The pattern: if extracting would force you to rebuild a graph of relationships on both sides of the wire, you've found something that belongs in one process.

The boundary discipline

Once you accept that some microservices are real, the next failure mode is letting each one invent its own conventions. We didn't want to end up with:

"The parser uses Bearer tokens, but the models server uses mTLS, but the next one will use API keys in a header."
"The parser exposes /health, but the models server uses /status, but the next one will dump JSON at /."
"The parser logs to its own file, the models server logs to stdout, the next one ships logs to S3."

So we built a tiny in-house protocol — not a framework, not a service mesh. Just a single TypeScript file that says: here are the microservices, here are their endpoints, here are their auth tokens, here's what they're allowed to do.

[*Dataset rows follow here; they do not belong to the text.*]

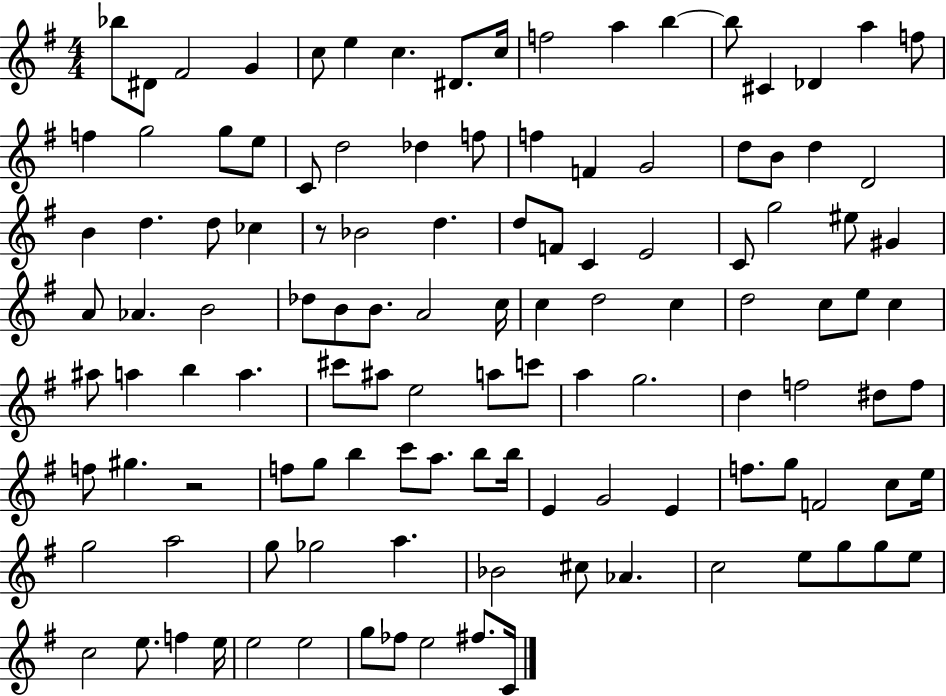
X:1
T:Untitled
M:4/4
L:1/4
K:G
_b/2 ^D/2 ^F2 G c/2 e c ^D/2 c/4 f2 a b b/2 ^C _D a f/2 f g2 g/2 e/2 C/2 d2 _d f/2 f F G2 d/2 B/2 d D2 B d d/2 _c z/2 _B2 d d/2 F/2 C E2 C/2 g2 ^e/2 ^G A/2 _A B2 _d/2 B/2 B/2 A2 c/4 c d2 c d2 c/2 e/2 c ^a/2 a b a ^c'/2 ^a/2 e2 a/2 c'/2 a g2 d f2 ^d/2 f/2 f/2 ^g z2 f/2 g/2 b c'/2 a/2 b/2 b/4 E G2 E f/2 g/2 F2 c/2 e/4 g2 a2 g/2 _g2 a _B2 ^c/2 _A c2 e/2 g/2 g/2 e/2 c2 e/2 f e/4 e2 e2 g/2 _f/2 e2 ^f/2 C/4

// config/microservices/services.ts (simplified)
export const services = [
  {
    slug: 'parser',
    displayName: 'Receipt Parser',
    baseUrlEnvVar: 'PARSER_SERVICE_URL',
    tokenEnvVar: 'MS_PARSER_TOKEN',
    aiTokenEnvVar: 'MS_PARSER_AI_TOKEN',
    health: { intervalSeconds: 30, degradedAfterSeconds: 90, downAfterSeconds: 300 },
    capabilities: { logs: { pull: true } },
    aiTasks: [
      { id: 'extraction', shape: 'chat',      label: 'Receipt extraction' },
      { id: 'embedding',  shape: 'embedding', label: 'Receipt embedding' },
      { id: 'ocr-vision', shape: 'chat',      label: 'Receipt OCR' },
    ],
    endpoints: [{ name: 'process', method: 'POST', path: '/receipts/process' }],
  },
] as const;

That single declaration drives:

A typed client: getMicroserviceClient('parser').call('process', { url, wsid }). Misspell the slug or the endpoint name and TypeScript yells.
A health probe loop that polls every service on the cadence each one declares.
An admin UI that lists everything, shows live health, and renders logs if the service supports logs.pull.
A typed React hook for feature components: useMicroserviceHealth('parser') returns live status, gates the "Scan Receipt" button, shows a banner when the service is degraded.
An AI Task Routing page that auto-groups aiTasks by service — adding a new MS that needs AI is one block in this file, zero edits to the admin page.

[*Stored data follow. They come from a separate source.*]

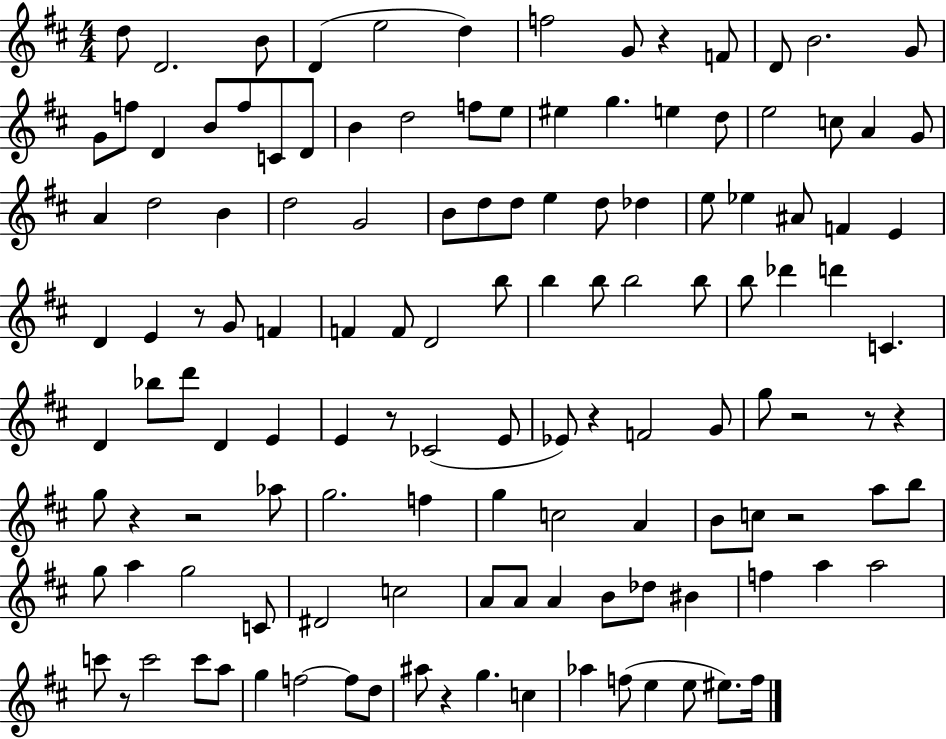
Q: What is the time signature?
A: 4/4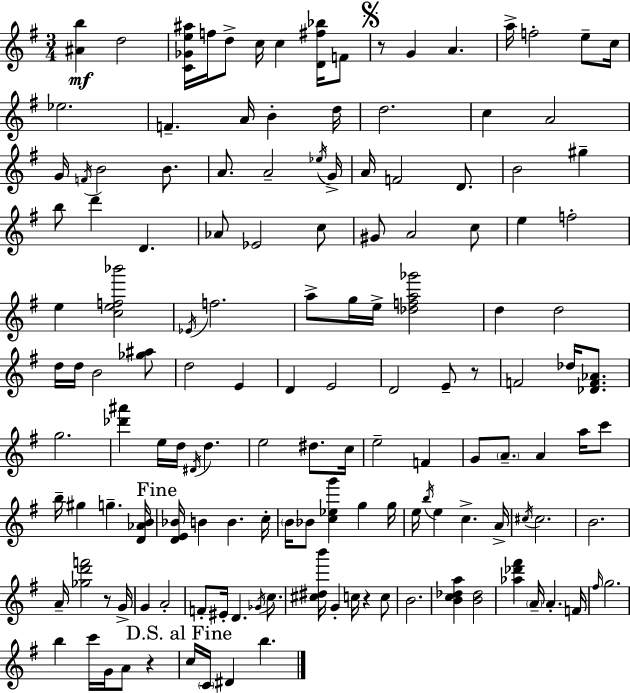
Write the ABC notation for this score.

X:1
T:Untitled
M:3/4
L:1/4
K:G
[^Ab] d2 [C_Ge^a]/4 f/4 d/2 c/4 c [D^f_b]/4 F/2 z/2 G A a/4 f2 e/2 c/4 _e2 F A/4 B d/4 d2 c A2 G/4 F/4 B2 B/2 A/2 A2 _e/4 G/4 A/4 F2 D/2 B2 ^g b/2 d' D _A/2 _E2 c/2 ^G/2 A2 c/2 e f2 e [cef_b']2 _E/4 f2 a/2 g/4 e/4 [_dfa_g']2 d d2 d/4 d/4 B2 [_g^a]/2 d2 E D E2 D2 E/2 z/2 F2 _d/4 [_DF_A]/2 g2 [_d'^a'] e/4 d/4 ^D/4 d e2 ^d/2 c/4 e2 F G/2 A/2 A a/4 c'/2 b/4 ^g g [D_AB]/4 [DE_B]/4 B B c/4 B/4 _B/2 [c_eg'] g g/4 e/4 b/4 e c A/4 ^c/4 ^c2 B2 A/4 [_gd'f']2 z/2 G/4 G A2 F/2 ^E/4 D _G/4 c/2 [^c^db']/4 G c/4 z c/2 B2 [Bc_da] [B_d]2 [_a_d'^f'] A/4 A F/4 ^f/4 g2 b c'/4 G/4 A/2 z c/4 C/4 ^D b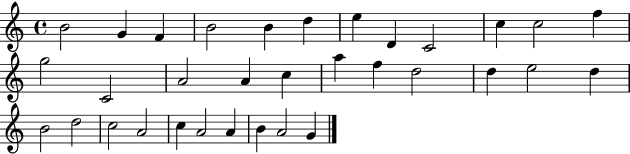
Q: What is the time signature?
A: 4/4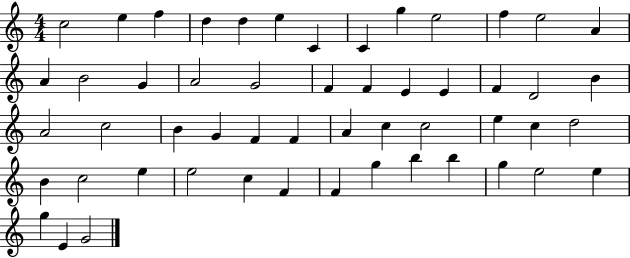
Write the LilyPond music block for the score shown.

{
  \clef treble
  \numericTimeSignature
  \time 4/4
  \key c \major
  c''2 e''4 f''4 | d''4 d''4 e''4 c'4 | c'4 g''4 e''2 | f''4 e''2 a'4 | \break a'4 b'2 g'4 | a'2 g'2 | f'4 f'4 e'4 e'4 | f'4 d'2 b'4 | \break a'2 c''2 | b'4 g'4 f'4 f'4 | a'4 c''4 c''2 | e''4 c''4 d''2 | \break b'4 c''2 e''4 | e''2 c''4 f'4 | f'4 g''4 b''4 b''4 | g''4 e''2 e''4 | \break g''4 e'4 g'2 | \bar "|."
}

Adding a new microservice is exactly: write the service, add a block to services.ts, set two env vars. No new auth code. No new health endpoint. No new UI panel.

What we gained

The parser MS shipped in about a week of integration work on the c10r.io side, plus a similar amount of time on the parser repo itself. The expense form has a Scan Receipt button that takes a photo, sends it to a Python process running on a different host, gets back structured fields, and auto-fills the form. None of that code lives in the monolith. The monolith just knows how to ask.

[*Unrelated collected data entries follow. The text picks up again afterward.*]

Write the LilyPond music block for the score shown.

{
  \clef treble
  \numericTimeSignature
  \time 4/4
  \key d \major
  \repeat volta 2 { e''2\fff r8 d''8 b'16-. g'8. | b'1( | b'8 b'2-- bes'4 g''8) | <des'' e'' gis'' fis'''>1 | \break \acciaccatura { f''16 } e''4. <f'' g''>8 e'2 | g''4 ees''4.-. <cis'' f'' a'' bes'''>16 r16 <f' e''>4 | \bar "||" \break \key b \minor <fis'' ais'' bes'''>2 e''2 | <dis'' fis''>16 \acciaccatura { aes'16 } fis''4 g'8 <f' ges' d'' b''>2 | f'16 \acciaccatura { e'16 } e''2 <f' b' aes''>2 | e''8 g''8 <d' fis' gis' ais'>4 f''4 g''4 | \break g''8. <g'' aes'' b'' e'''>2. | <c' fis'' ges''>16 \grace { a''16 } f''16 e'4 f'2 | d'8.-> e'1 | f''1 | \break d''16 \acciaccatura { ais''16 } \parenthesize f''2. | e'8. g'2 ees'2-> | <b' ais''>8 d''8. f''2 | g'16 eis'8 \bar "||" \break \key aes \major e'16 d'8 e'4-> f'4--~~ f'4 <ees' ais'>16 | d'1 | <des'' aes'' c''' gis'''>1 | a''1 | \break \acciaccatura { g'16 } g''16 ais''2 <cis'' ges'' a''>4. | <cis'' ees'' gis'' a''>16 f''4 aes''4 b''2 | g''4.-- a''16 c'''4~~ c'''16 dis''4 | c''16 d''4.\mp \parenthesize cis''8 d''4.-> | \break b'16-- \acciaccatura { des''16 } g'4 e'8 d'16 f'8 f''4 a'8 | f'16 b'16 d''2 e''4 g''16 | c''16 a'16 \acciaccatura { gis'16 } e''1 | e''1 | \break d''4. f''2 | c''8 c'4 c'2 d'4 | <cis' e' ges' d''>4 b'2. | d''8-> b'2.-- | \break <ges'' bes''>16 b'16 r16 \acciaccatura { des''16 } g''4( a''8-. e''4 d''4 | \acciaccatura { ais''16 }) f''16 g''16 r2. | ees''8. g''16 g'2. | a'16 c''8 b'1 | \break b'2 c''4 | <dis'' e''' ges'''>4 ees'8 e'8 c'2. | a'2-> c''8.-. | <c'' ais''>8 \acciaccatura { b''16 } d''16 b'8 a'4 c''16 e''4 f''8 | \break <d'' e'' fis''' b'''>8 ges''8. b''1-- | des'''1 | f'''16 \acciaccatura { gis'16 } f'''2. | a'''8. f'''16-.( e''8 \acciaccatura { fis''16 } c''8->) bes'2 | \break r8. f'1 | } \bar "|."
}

The Scan Receipt button knows when the parser is down (the catalog tells it). The admin page shows live logs from the parser (the catalog tells it). The parser's three AI calls (OCR, extraction, embedding) route through c10r.io's centralized AI gateway (the catalog tells it). When we add the second microservice that needs the same things, the answer to every "how do we…" question is the same way the parser does it.

The bigger lesson

Modular monolith versus microservices is not a religious debate. It's a question of where your graph is.

If most of your nouns reference most of your other nouns — and in business systems they do — keep them in one process. You'll spend less time on plumbing and more time on the actual product.

If a piece of work has its own graph, or its own hardware needs, or its own lifecycle — let it live on the other side of an HTTP boundary. Just make sure you've built the boundary once, in a way every future service can reuse, before the second one shows up.

The monolith is not a stage you graduate out of. It is the destination for almost everything. Microservices are the exception you pay for individually, each one earning its place.